*Data under study*:
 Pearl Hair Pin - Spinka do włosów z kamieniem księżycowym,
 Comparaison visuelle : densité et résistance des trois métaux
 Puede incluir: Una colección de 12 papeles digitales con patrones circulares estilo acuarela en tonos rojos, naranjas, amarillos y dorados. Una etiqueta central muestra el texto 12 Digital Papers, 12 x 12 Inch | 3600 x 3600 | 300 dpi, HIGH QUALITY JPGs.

---

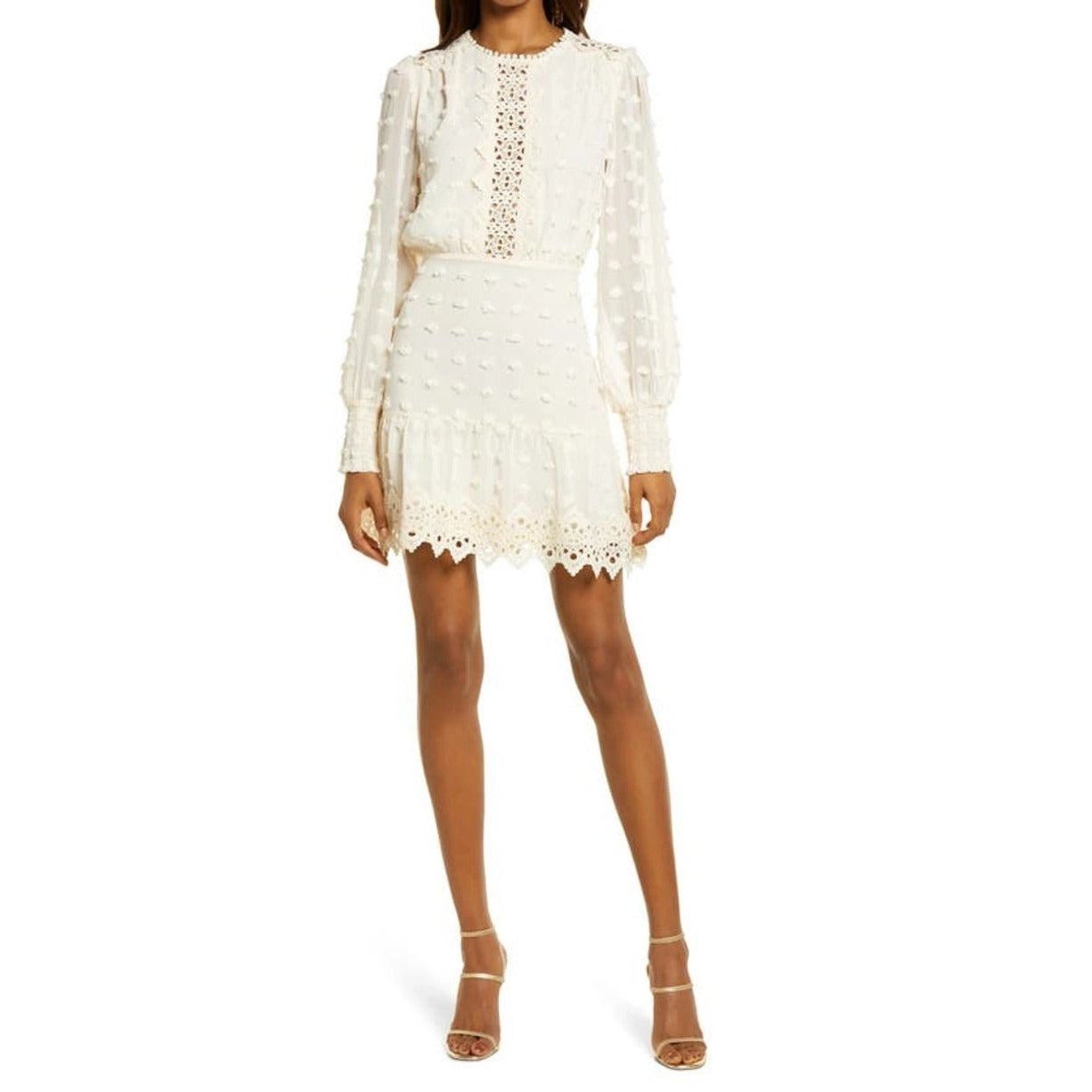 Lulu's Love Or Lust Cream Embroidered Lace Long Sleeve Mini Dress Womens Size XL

*What the exercise asks*: All lines in the listing above from the line containing "Pearl Hair Pin" to the line containing "Puede incluir: Una", inclusive, should be retyped exactly; no other lines should appear.

*Your solution*:
 Pearl Hair Pin - Spinka do włosów z kamieniem księżycowym,
 Comparaison visuelle : densité et résistance des trois métaux
 Puede incluir: Una colección de 12 papeles digitales con patrones circulares estilo acuarela en tonos rojos, naranjas, amarillos y dorados. Una etiqueta central muestra el texto 12 Digital Papers, 12 x 12 Inch | 3600 x 3600 | 300 dpi, HIGH QUALITY JPGs.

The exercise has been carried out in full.